Of course, there are also a lot of important cases where that N isn't quite
large enough to justify the normal distribution, or where the quantity of
interest is not a sum of a large number of small effects, so the CLT doesn't
apply at all.

------
jkyle
The scenario presented by the author seems more explicit and nefarious than
the typical "p-hunting" that I've seen in academia. Though I've seen the
situation he presents, successively trying different models or parameters
until you find the expected effect, it's pretty obviously unethical.

What I've seen much, much more of goes something like this. Say your lab does
research that requires a very large quantity of data that's very expensive to
acquire. In academia, labor is relatively cheap and funding can be difficult
to come by. So a dataset that consumed potentially 100's of thousands of
funding dollars represents a significant resource investment.

So what do you do when the study is done? You try to figure out every way
possible to reuse that data. And the most common way of doing that is running
it using previous models looking for effects...enough people keep looking long
enough and, voila!, you find a significance.

In the end, it's the same bias.
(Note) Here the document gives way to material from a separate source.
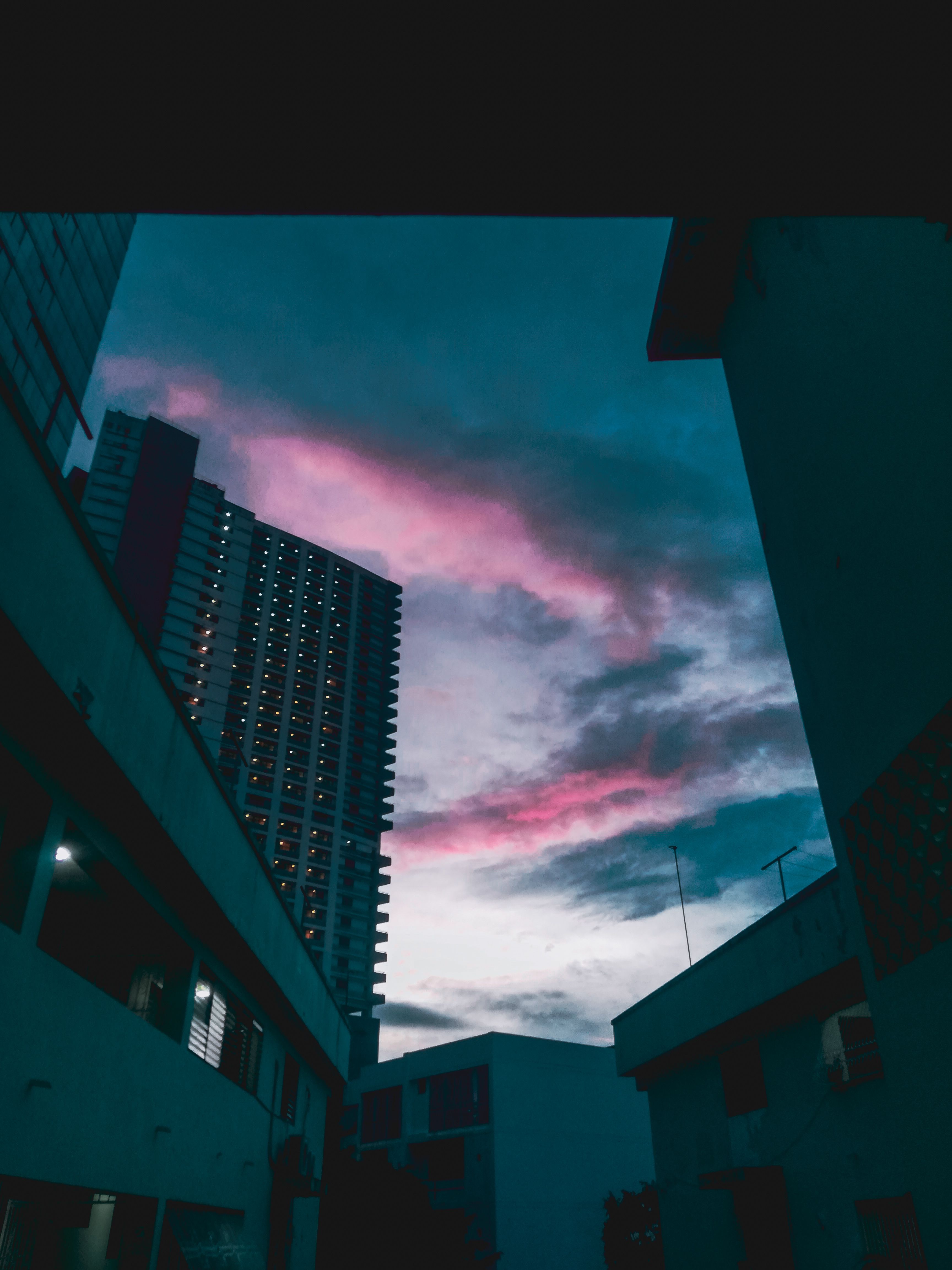 Panama City buildings silhouetted against a colorful twilight sky, capturing urban beauty at dusk.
But the motivation is different and when I've
pointed out this is "p-hunting" most just give a blank stare.

------
solve
Modern machine learning replaced it. Or rather, relegated statistics to a
small subset of a wider field, only to be used for increasingly smaller subset
of tasks.

------
pXMzR2A
Step 1: Establish disciplines that ridicule radical criticism.
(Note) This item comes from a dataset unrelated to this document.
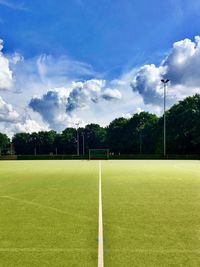 Scenic view of soccer field against sky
Step 2: Hire undergraduate math/stats students who took criticism courses at
gun point and hated them.

Step 3: ...

Step 4: "OMG Ponies and revolution"

Sir, you do not need a revolution, because it has already occured. You simply
need employees who have read critical approaches to statistics AS AN INTEGRAL
PART of their stats education. Those people are usually in

\- feminist studies (did the requested stats revolution)

\- gender studies (ibid, different name)

\- women's studies (ibid, different name)

\- lgbt studies (exploded feminist studies ftw)

\- african american studies (ibid)

\- critical studies (sociology, know of mainstream criticism only)

\- american studies (good with convoluted language)

------
gmcrews
And why we probably won't get one.

------
zootam
first thing we need is increased literacy in statistics.

if people actually understood they need to question the validity of statistics
presented to them before making conclusions and based on those possibly faulty
statistics, we'd be much better off.

------
oakwood
Terribly written article. This guys lives in an academic cave.